**DATA EXCERPTS**

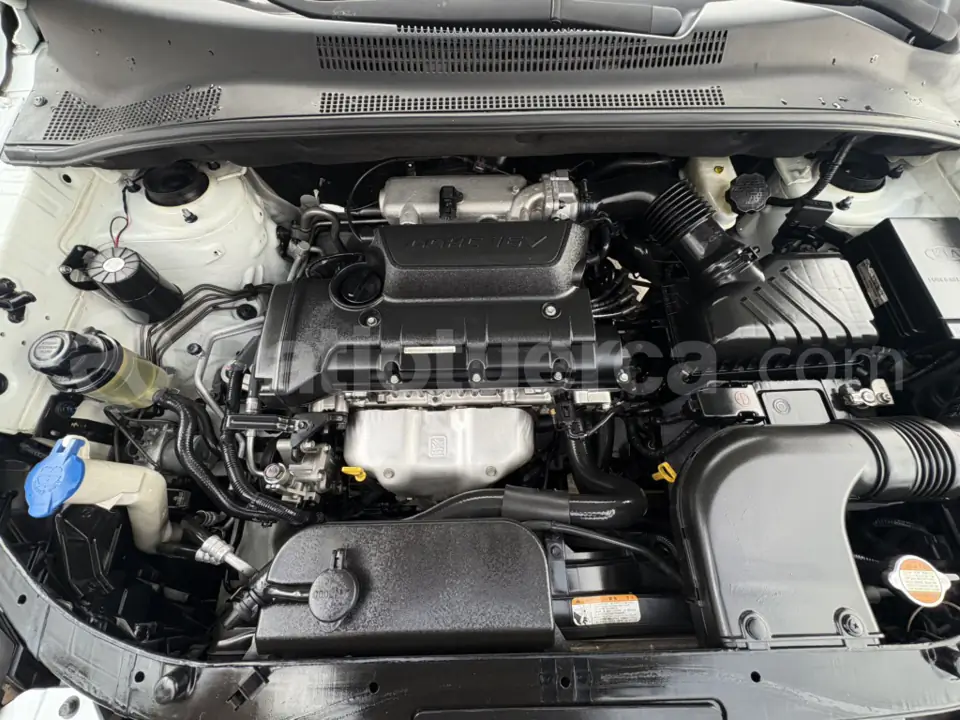 Foto 11 de Kia Sportage Active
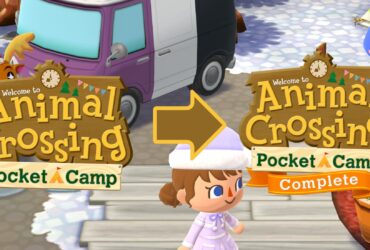 Pocket Camp to the Complete Version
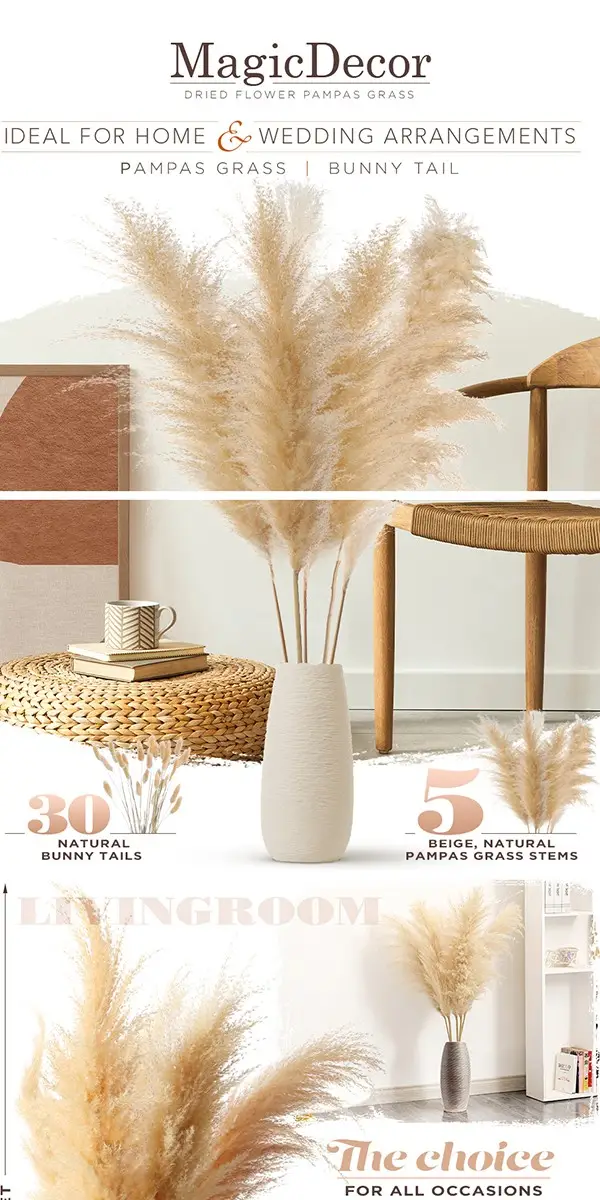 amazon-regular-a-plus-83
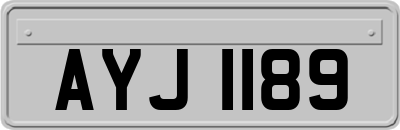 AYJ1189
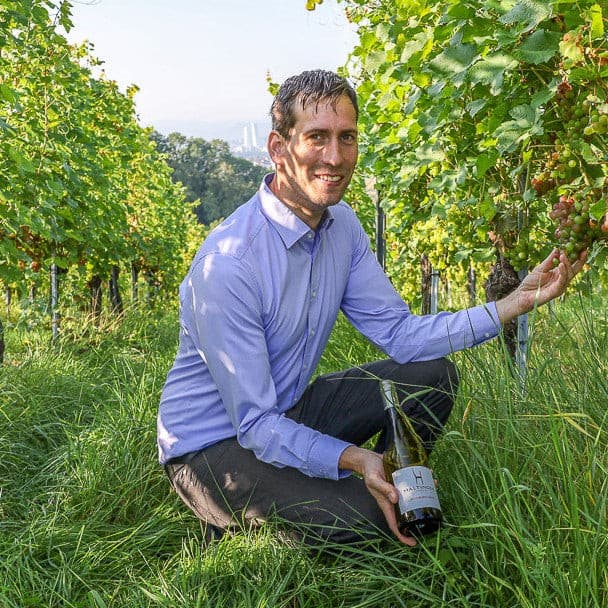 Wijngaard van Haltinger Winzer in Duitsland – zonnige helling met rijpe druivenranken, oorsprong van hoogwaardige dessertwijnen zoals Beerenauslese.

**INSTRUCTIONS FOR THE TASK**
Restate the records above exactly, less any pictures.

**RESULT BELOW**
 Foto 11 de Kia Sportage Active
 Pocket Camp to the Complete Version
 amazon-regular-a-plus-83
 AYJ1189
 Wijngaard van Haltinger Winzer in Duitsland – zonnige helling met rijpe druivenranken, oorsprong van hoogwaardige dessertwijnen zoals Beerenauslese.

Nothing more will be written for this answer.